=== Extracted data ===

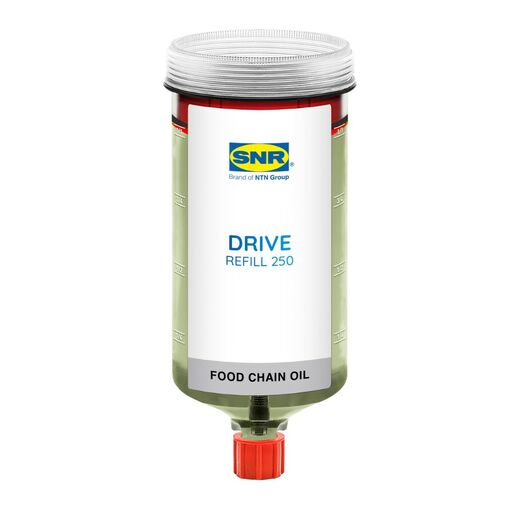 LUBER DRIVE REFILL 250 FOOD CHAIN OIL LUBER DRIVE REFILL 250 FOOD CHAIN OIL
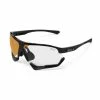 Lunettes Scicon Aerocmfort SCN-XT Noir Verres Photochromiques Bronze -Vélos Soldes 2023 lunettes scicon aerocmfort scn xt noir verres photochromiques bronze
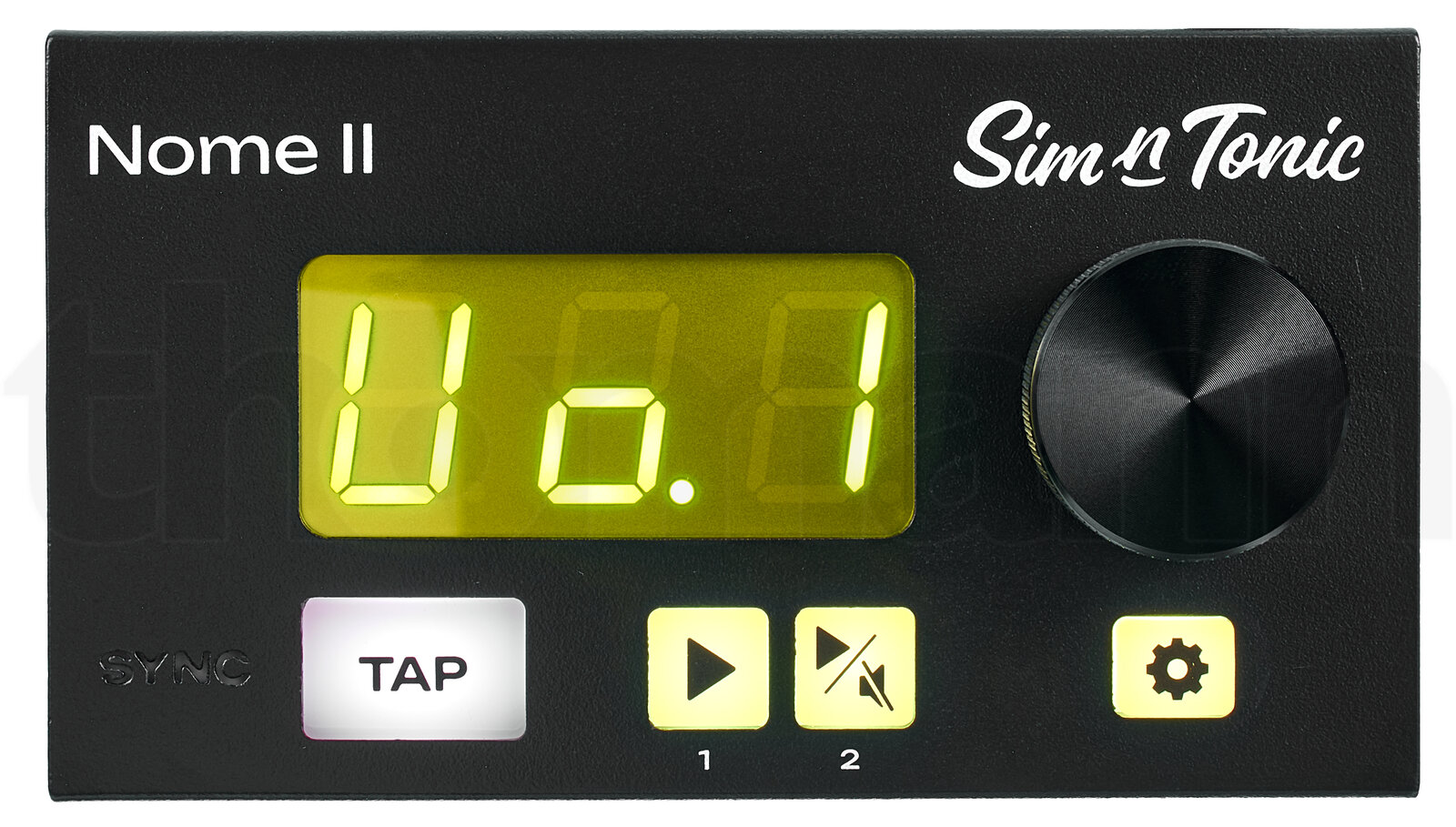 ממיר ושעון אולפן Sim'n Tonic Nome II 6 ממיר ושעון אולפן Sim'n Tonic Nome II — תמונה 6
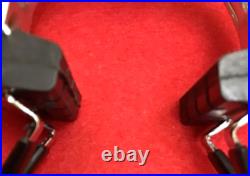 Vintage Campagnolo Record short Reach (51mm) Brakes, 4 Nos Brake Pads Vintage Campagnolo Record short Reach (51mm) Brakes, 4 Nos Brake Pads
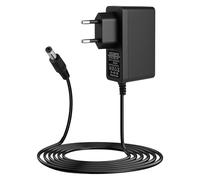 Adaptateur d'alimentation Universelle 12V 1A, 1.5M, AC 100-240V 50/60Hz, Prise Jack 5.5x2.5mm Compatible TV Box, Bandes LED, Routeur, Caméra, et Autres Appareils Électroniques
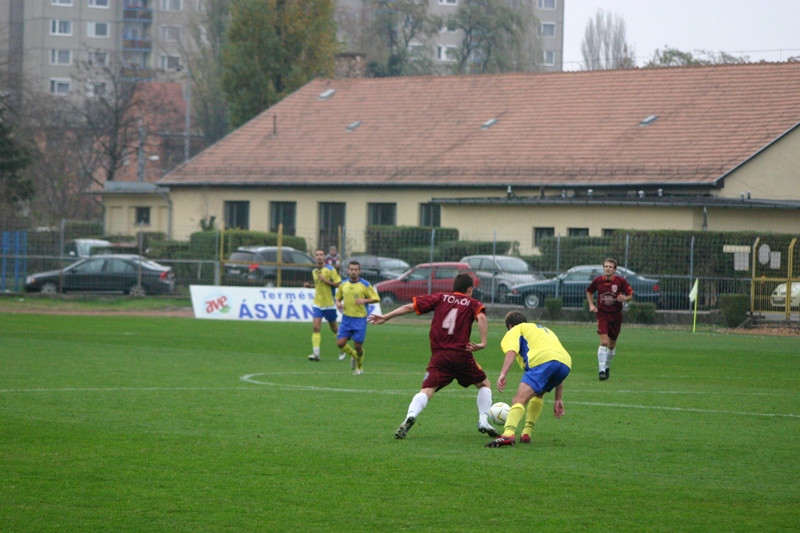 BKV Előre - Tököl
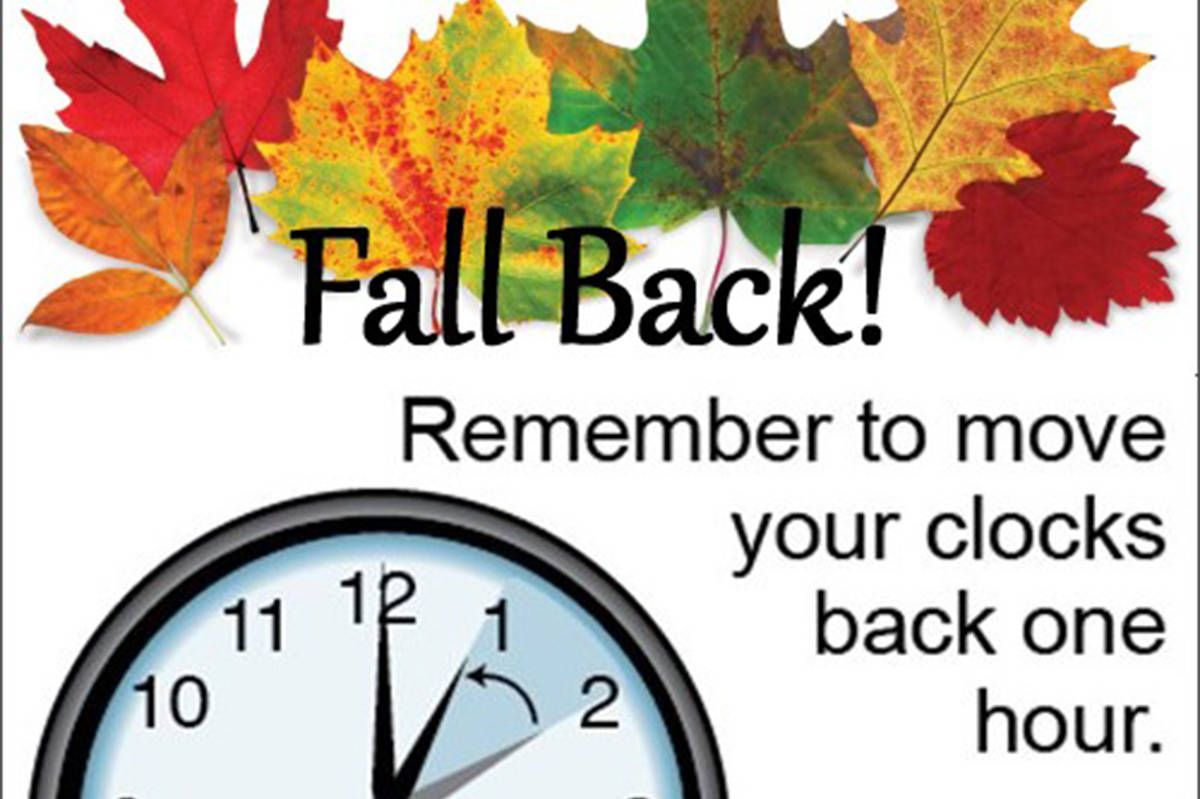 Change Clocks Fall 2024 Daylight Savings - Waly Amalita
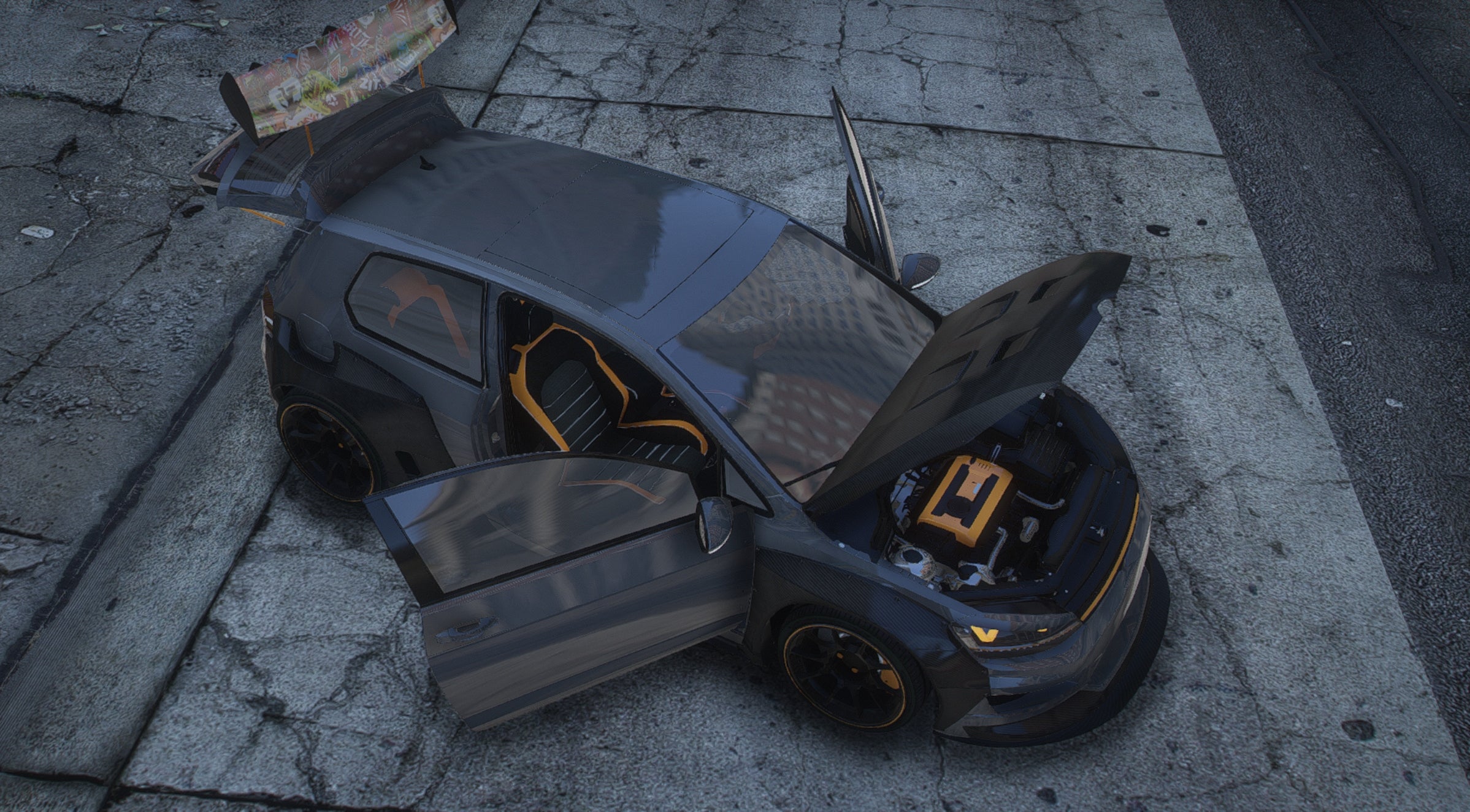 Volkswagen Golf Mk7 | Tuning | Debadged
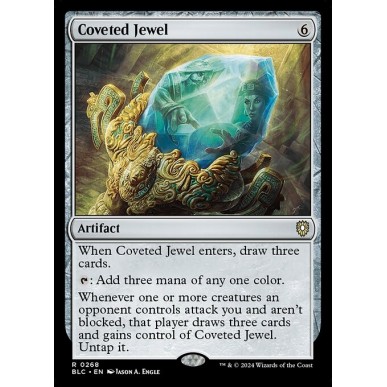 Coveted Jewel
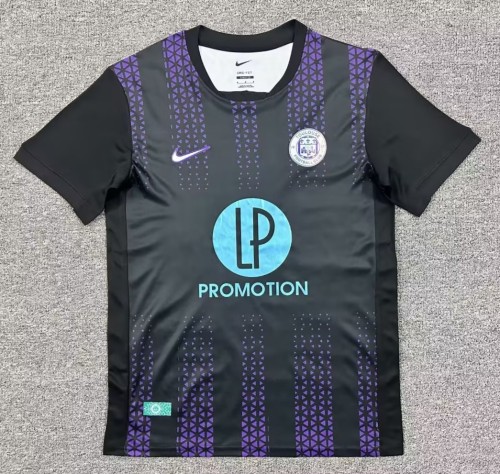 25-26 Toulouse Third Fans Soccer Jersey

===

■ **Your objective**:
Could the entries above be retyped exactly, with the pictures left out?

■ **Task result**:
 LUBER DRIVE REFILL 250 FOOD CHAIN OIL LUBER DRIVE REFILL 250 FOOD CHAIN OIL
 Lunettes Scicon Aerocmfort SCN-XT Noir Verres Photochromiques Bronze -Vélos Soldes 2023 lunettes scicon aerocmfort scn xt noir verres photochromiques bronze
 ממיר ושעון אולפן Sim'n Tonic Nome II 6 ממיר ושעון אולפן Sim'n Tonic Nome II — תמונה 6
 Vintage Campagnolo Record short Reach (51mm) Brakes, 4 Nos Brake Pads Vintage Campagnolo Record short Reach (51mm) Brakes, 4 Nos Brake Pads
 Adaptateur d'alimentation Universelle 12V 1A, 1.5M, AC 100-240V 50/60Hz, Prise Jack 5.5x2.5mm Compatible TV Box, Bandes LED, Routeur, Caméra, et Autres Appareils Électroniques
 BKV Előre - Tököl
 Change Clocks Fall 2024 Daylight Savings - Waly Amalita
 Volkswagen Golf Mk7 | Tuning | Debadged
 Coveted Jewel
 25-26 Toulouse Third Fans Soccer Jersey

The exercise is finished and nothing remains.